Metadata is only useful if it is understandable to the software applications and people that use it. To aid in this understanding, organizations frequently predefine metadata sets to meet certain needs, and publish these definitions for system designers (and sometimes end users) to consult. Metadata vocabularies are known as schemas, element sets, or sometimes formats. A schema defines the elements that make up a valid item in that format, along with the attributes each element can take, in what order they can appear, and how many times they can appear.
Schemas can be formally standardized through organizations such as the International Organization for Standardization (ISO), the National Information Standards Organization (NISO), or the World Wide Web Consortium (W3C). Industry- or community- leading bodies such as the Library of Congress can also often serve as organizational homes and maintenance organizations for XML-based metadata standards, endorsing them for use in their target communities.
When you are doing metadata work for internal management you will only need to use metadata that serves your purpose, so you don’t need to use complete complex systems found in the documentation for standardized metadata. However for interoperability, or usefulness outside your organization, it is a good idea to look at these standards and use the parts of them that are relevant to you so that your metadata is consistent with others in your field or industry.
If you are submitting your metadata to a repository or larger system they will have a standard format that they use that you will be required to follow so there may be some re-formatting of your metadata required. Generally they will provide a template.
In addition to standardizing syntax, metadata designers often wish to standardize metadata through control of the actual values used. One way in which this is done is through the use of controlled vocabularies. A controlled vocabulary is a predetermined list of terms on a certain topic or of a certain type. These lists typically identify one preferred word or phrase for a given concept, and sometimes provide mappings from other terms for the concept to the preferred one. They also frequently define (often hierarchical) relationships among terms.
Controlled vocabularies can be exceedingly simple, using only a dozen or so terms, or much more robust, including as many as tens of thousands. Examples of controlled vocabularies include Internet MIME types, Spotify genres, the Book Industry Standards and Communications (BISAC) vocabulary, and Library of Congress Subject Headings (LCSH). Those developed and maintained by the cultural heritage community, such as LCSH, tend to be among the most robust controlled vocabularies in common use.
Controlled vocabularies enforce consistency, which is useful for grouping similar objects and reduces incorrect labelling. Controlled vocabularies can be challenging to keep up-to-date when cultural uses of words change and some older controlled vocabulary taxonomies (sets of terms and their hierarchy) reflect outdated values. Updating an out-of-date controlled vocabulary has an impact on discoverability and information organization so needs to be done carefully.

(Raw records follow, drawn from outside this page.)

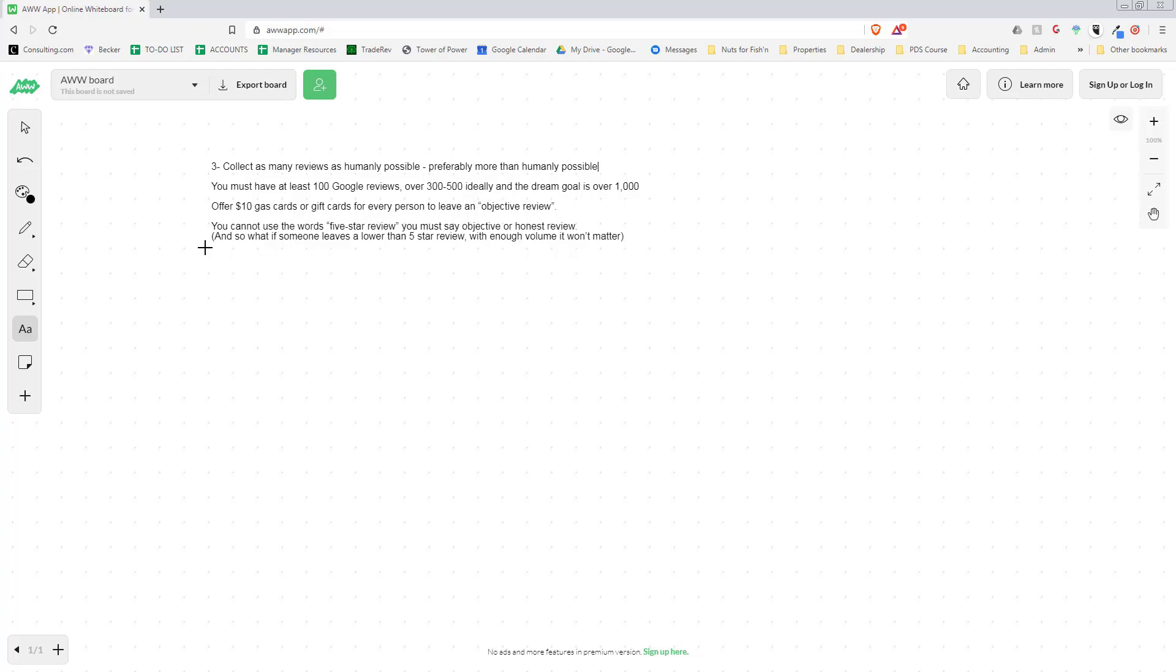We have customers in the dealership and they're checking out. During paperwork and just after the paperwork, I will ask them: 'Hey, do you mind leaving us a review on Google? It helps us a ton and we'll give you a $10 gas card to QuikTrip or a gift card.'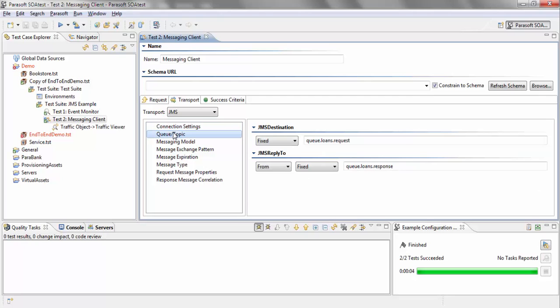And under queue topic, I've added the two queues where I'm sending the request and where I'm getting response back from.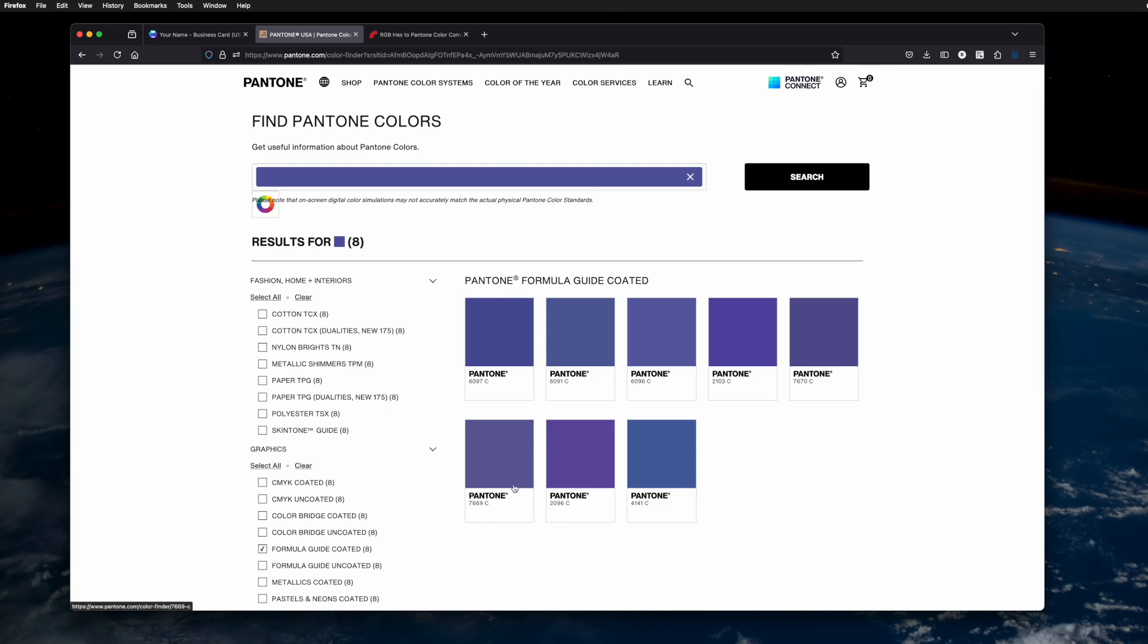Now, a couple of words of caution. The colors you see on screen may not appear the same when they're printed. I recommend contacting a local printer, someone with a Formula Guide Coated book, or Uncoated for that matter. Look at a color in real life in one of these books to be sure that you're gonna like the results when they're printed.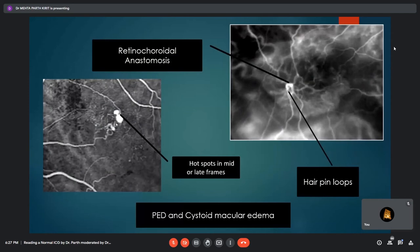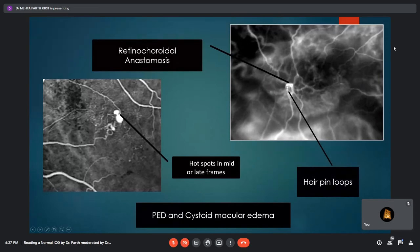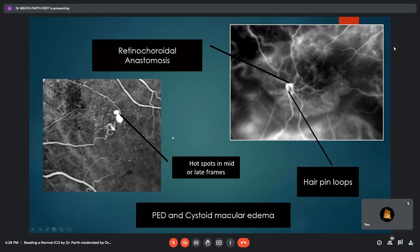Retinal angiomatous proliferation — type 3 CNVM — shows hotspots in mid or late frames associated with pigment epithelial detachment and cystic macular edema, and hairpin loops with a feeding arteriole and draining venule. ICG helps differentiate occult CNVM, which occurs at the edges of the PED, from RAP, which occurs within the PED area. RAP is more aggressive and less responsive to treatment, hence may require a multimodal management approach.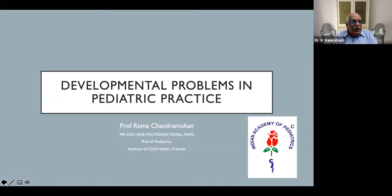Good evening to all. Welcome to this program on developmental pediatrics in day-to-day office practice. We have expert Dr. Ramachandra Moghan, professor of pediatrics at ICH and HC, for today's deliberations. I request her to do the talk.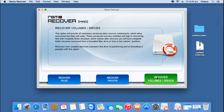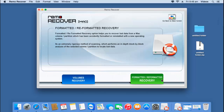In order to recover data from a MacBook Air hard drive, click on the third option that you see, which is Recover Volumes or Drives. On the next screen, select Volumes Recovery.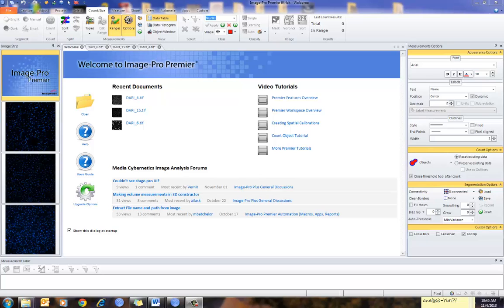This is a short movie showing ImagePro Premiere version 9.1 and how to set up the Data Collector feature. Data Collector is used to accumulate the data from multiple images in a single data table. In addition, it can collect either the raw or statistical data, or both at the same time.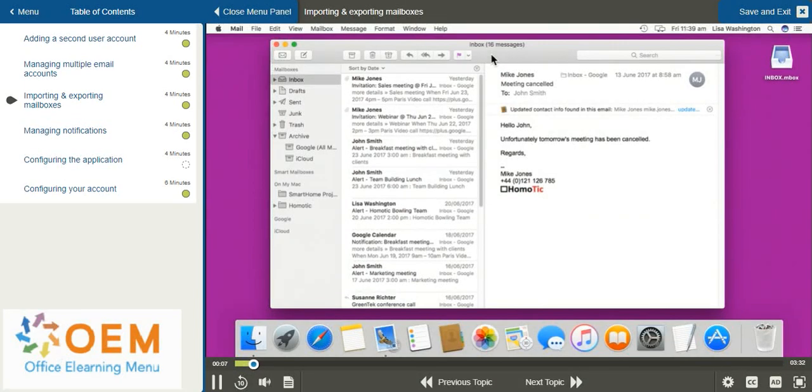To back up your mailbox or if you'd like to import messages from another account, the Mail application for macOS Sierra allows you to easily import and export your mailboxes.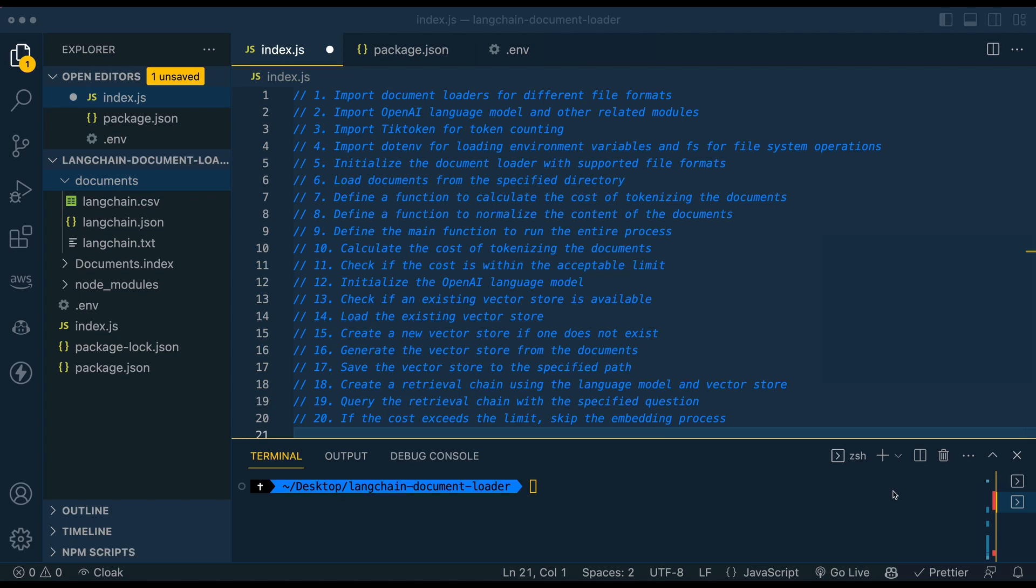In this video, I'm going to be showing you how to use Langchain in Node.js to have a natural language conversation with a folder of documents. So by the end of this, you'll be able to simply drag whatever documents that you want within this folder, run this script, and you'll be able to query it for questions.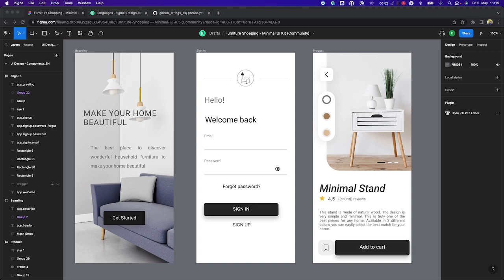This video will showcase a localization workflow in Phrase Strings from a design team's perspective. As a designer, I'm working in Figma. I can make use of the Phrase Strings plugin to push translatable content from this Figma design, along with the relevant screenshots into my Phrase Strings project.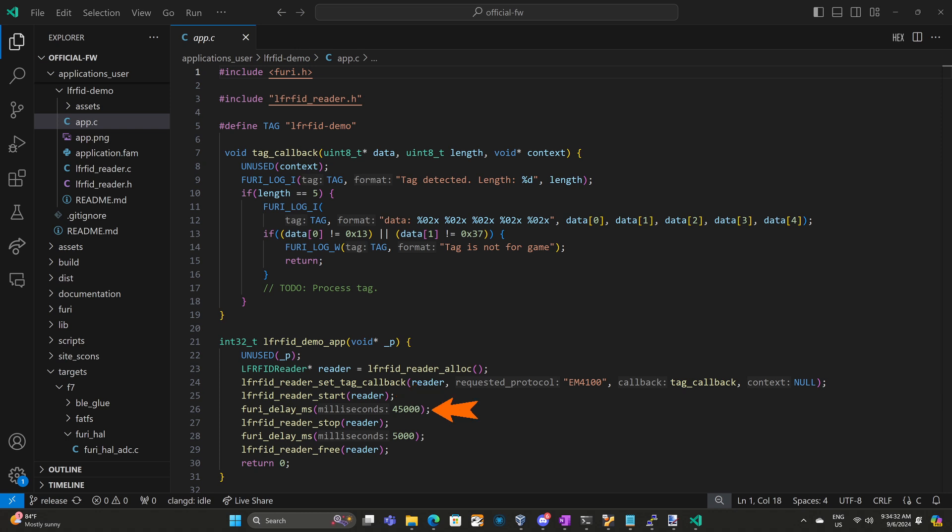Next we sleep for 45 seconds, but while we're sleeping it's still scanning for tags and calling our callback. Most flipper applications do UI instead and we kind of do this reading until the back button was pressed. Next we call lfrfid_reader_stop. At this point we should no longer be able to scan tags and our callback should no longer be getting invoked. We sleep for five more seconds so we can test that the tags are not getting read. And then finally we call lfrfid_reader_free to free the resources. So hopefully nothing too surprising there.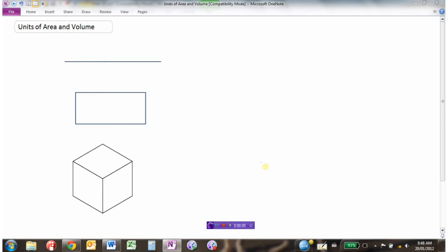We're going to investigate units of area and units of volume. I've put on here three different shapes: I have a line here, I have a rectangle here, and I have a cube here.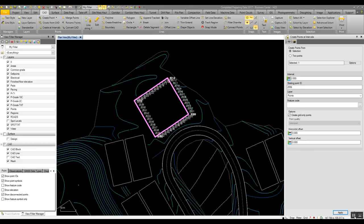That concludes the new commands in the CAD part of Business Center. Thank you.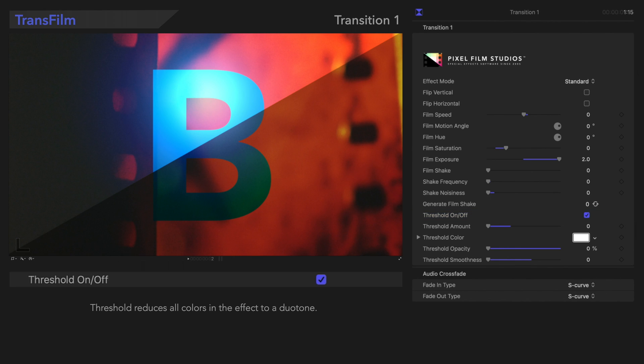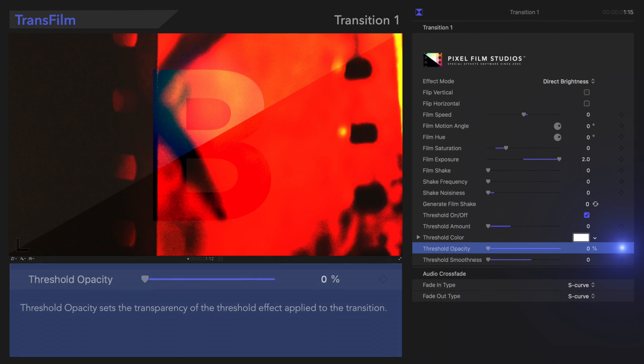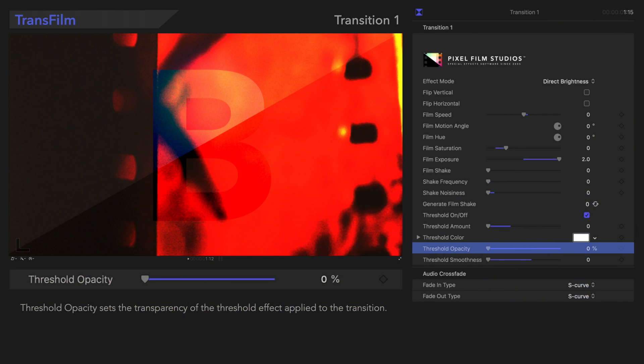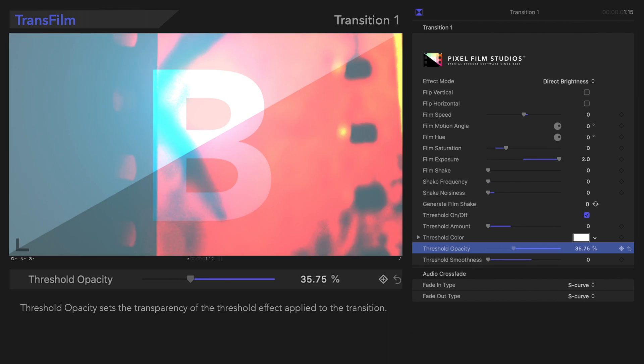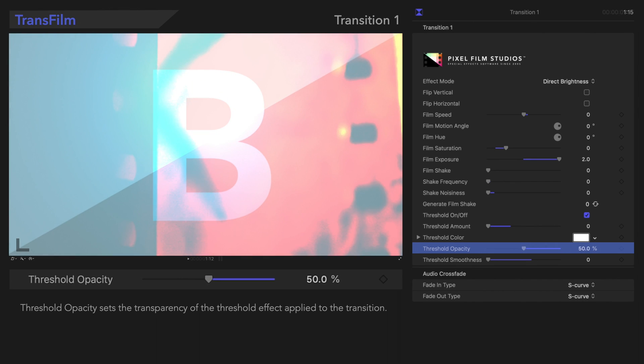Threshold Opacity sets the transparency of the Threshold effect applied to the transition. We'll increase it so that the Threshold effect becomes more visible. Let's see how that looks!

A second method for standardizing the values that appear in metadata is the use of content standards, which are sets of guidelines that dictate how textual values in metadata should be structured. They are common as formal guidelines documents in the cultural heritage community. In other communities, where they can be known as style guides, they tend to be briefer and more informal.
Content standards typically cover topics such as where the information to be recorded should be found; what punctuation, capitalization, and abbreviations should be used; and how to make decisions about which information to record. They sometimes define and dictate the use of small controlled vocabularies as well. Examples of content standards include the Wikipedia Manual of Style guidelines for Infoboxes.